Beading has a long and complex history in the Bamileke region and adjacent areas of western Cameroon. Extensive trade networks once linked present-day Cameroon and Nigeria to the Arab world. Among the prestige goods traded were beads made of coral and glass. Commercial ties with eastern Africa and the Indian Ocean also brought cowry shells, often mixed with beads to adorn works of art. Trade with Europe, which began in the late 15th century, introduced new types of beads, as well as buttons made of brass, porcelain, and mother-of-pearl. All were employed in the ornamentation of objects owned by high-ranking notables and chiefs—from cotton and raffia textiles to masks, stools, gourds, dance wands, and fly whisks.
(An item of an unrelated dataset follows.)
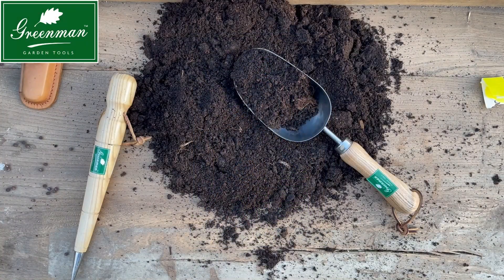Hi, this is Alan Greenman from Greenman Garden Tools and today I'm going to talk about planting sweet peas.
The beads that cover the Menil atwonzen are European, and brass buttons manufactured in England are also present.1 The beads and buttons are attached to a length of cotton, which has been fastened to the wood core of the piece and then over-sewn. The beads are arranged in three patterns: on the face are chevrons, on the forehead and temples is a circular motif, and in between is an upside down U design. The chevron, widespread in Bamileke art forms, is commonly associated with themes of fertility, fecundity, and rebirth. It alludes to crocodiles and pythons, which play a key symbolic role in the arts. The upside-down U motif is quite common as well and is linked to the frog, another symbol of fertility. The circular design on the forehead and temples is more rare. It probably refers to divination practices and, in this context, may allude to the spider, commonly associated with wisdom.
Dominique Malaquais, African Art from The Menil Collection (2008)
1. Pierre Harter, Arts anciens du Cameroun (Arnouville, France: Arrts d’Afrique noire, 1986).